Given information

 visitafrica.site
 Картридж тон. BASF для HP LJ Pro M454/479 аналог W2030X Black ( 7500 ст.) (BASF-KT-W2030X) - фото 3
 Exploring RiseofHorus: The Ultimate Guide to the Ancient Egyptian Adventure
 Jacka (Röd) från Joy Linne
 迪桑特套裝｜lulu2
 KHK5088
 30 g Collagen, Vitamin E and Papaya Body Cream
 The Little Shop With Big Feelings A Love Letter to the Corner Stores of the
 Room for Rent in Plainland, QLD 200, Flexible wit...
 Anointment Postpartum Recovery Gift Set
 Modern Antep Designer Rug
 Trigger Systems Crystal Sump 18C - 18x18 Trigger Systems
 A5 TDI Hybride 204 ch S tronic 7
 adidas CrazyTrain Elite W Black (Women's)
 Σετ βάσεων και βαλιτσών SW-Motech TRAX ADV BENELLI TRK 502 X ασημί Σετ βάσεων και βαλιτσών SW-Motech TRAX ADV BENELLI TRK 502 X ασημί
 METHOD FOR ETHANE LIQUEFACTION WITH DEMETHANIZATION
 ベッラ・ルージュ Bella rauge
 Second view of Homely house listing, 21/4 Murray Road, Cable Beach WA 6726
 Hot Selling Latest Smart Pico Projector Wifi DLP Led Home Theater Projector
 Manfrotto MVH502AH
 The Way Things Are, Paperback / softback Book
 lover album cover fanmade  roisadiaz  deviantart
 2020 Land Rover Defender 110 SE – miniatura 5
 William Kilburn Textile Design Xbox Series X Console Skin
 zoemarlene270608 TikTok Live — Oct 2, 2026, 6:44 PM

What the task asks
Reproduce each line of the entries above from the one containing "2020 Land Rover" through the last, exactly, and no other line.

Output of the task
 2020 Land Rover Defender 110 SE – miniatura 5
 William Kilburn Textile Design Xbox Series X Console Skin
 zoemarlene270608 TikTok Live — Oct 2, 2026, 6:44 PM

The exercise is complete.